🤖 AI Summary
This work addresses the trade-off in audio variational autoencoders (VAEs) between over-regularization, which degrades generation quality, and under-regularization, which harms downstream task performance. The authors propose a target KL regularization mechanism that, for the first time, enables controllable training of audio VAEs at specified bitrates. Leveraging rate–distortion theory, they construct rate–distortion curves over the continuous latent space, establishing a fair basis for comparison with discrete neural audio codecs. The approach is evaluated in text-to-sound generation, where the impact of varying compression rates on synthesis quality is systematically analyzed, revealing an optimal configuration that achieves a significant balance between audio fidelity and the predictability of latent representations.
📝 Abstract
Latent diffusion models have emerged as the dominant paradigm for many generation tasks including audio generation such as text-to-audio, text-to-music and text-to-speech.
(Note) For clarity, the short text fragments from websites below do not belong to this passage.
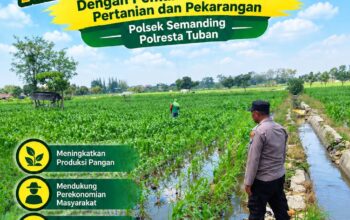 Polri Dukung Astacita, Polsek Semanding Polresta Tuban Turun Cek Tanaman jagung milik Warga di Desa Tegalagung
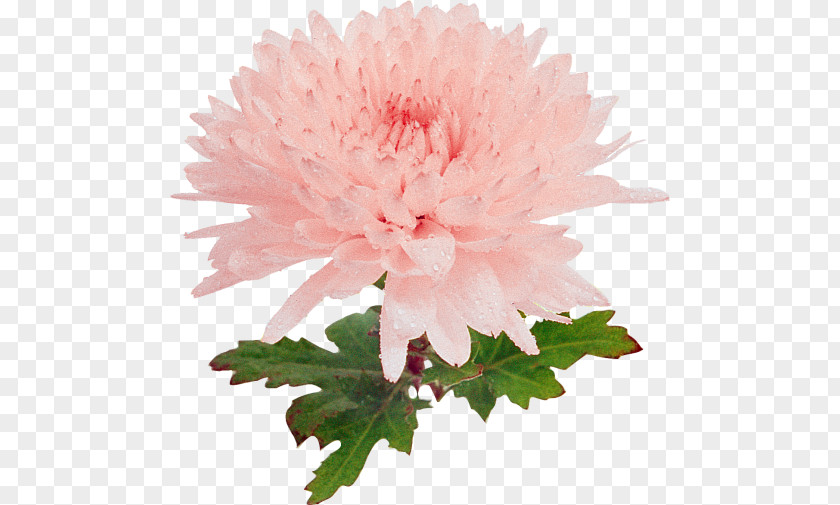 Chrysanthemum Carnation Dahlia Cut Flowers Peony PNG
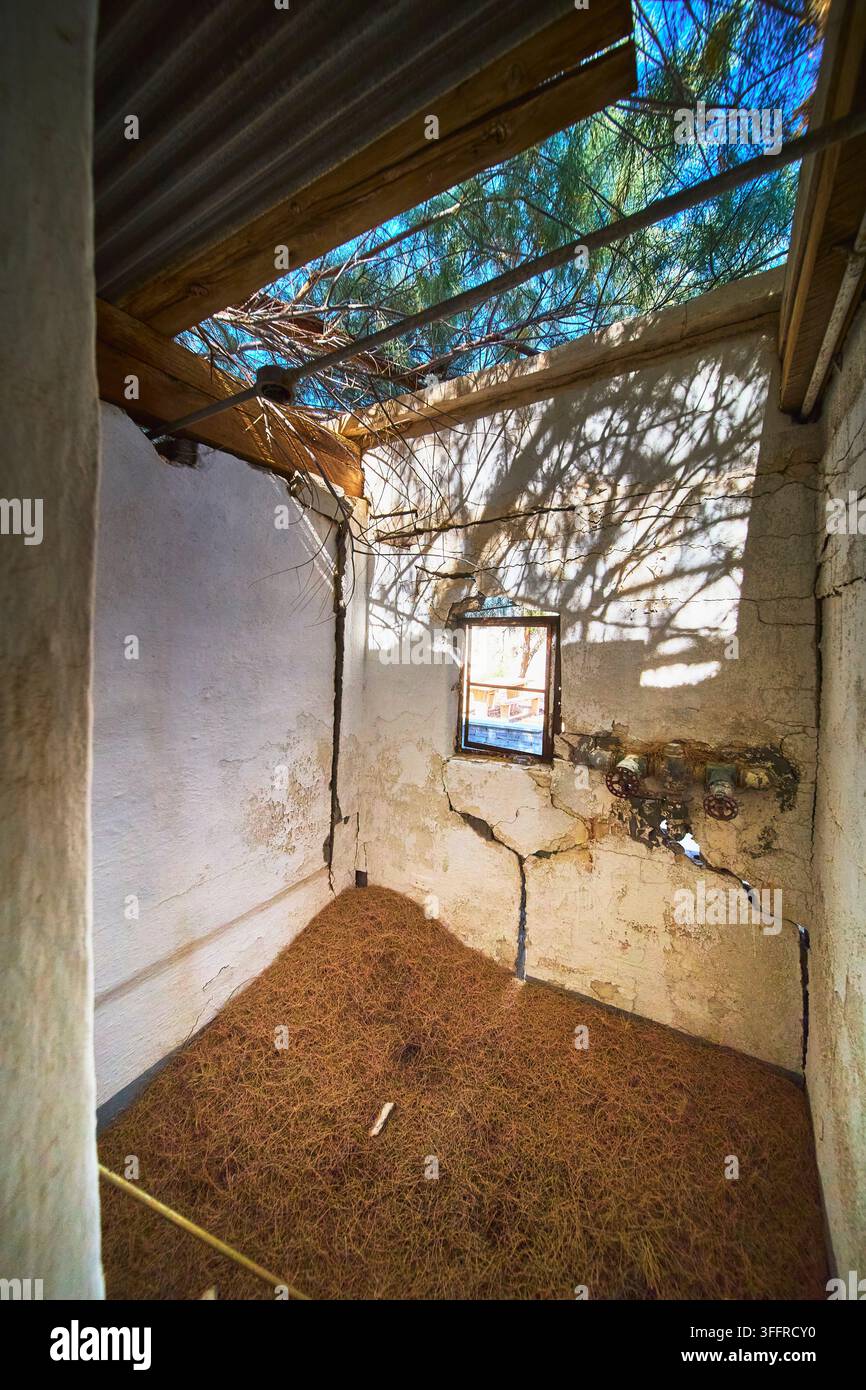 Gruppo di studenti Interno del bagno del deserto con pareti incrinate e pavimento coperto di detriti, Ospiti del Centro di studi del deserto Foto Stock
A key component of latent diffusion is an autoencoder (VAE) that compresses high-dimensional signals into a low frame rate continuous representation that is conducive for downstream prediction. Regularizing these VAEs is challenging, as there is a trade-off between over-regularized (poor output quality) and under-regularized (difficult to predict) latent representations. We propose a framework for studying this trade-off through compression and train Audio VAEs at specific bitrates via target-KL regularization. This allows direct comparison to well-studied discrete neural audio codec models, and the construction of rate-distortion curves for audio VAEs. We evaluate the impact of target-KL regularization on text-to-sound generation and find that sweeping compression rates is helpful in identifying the optimal generation setting.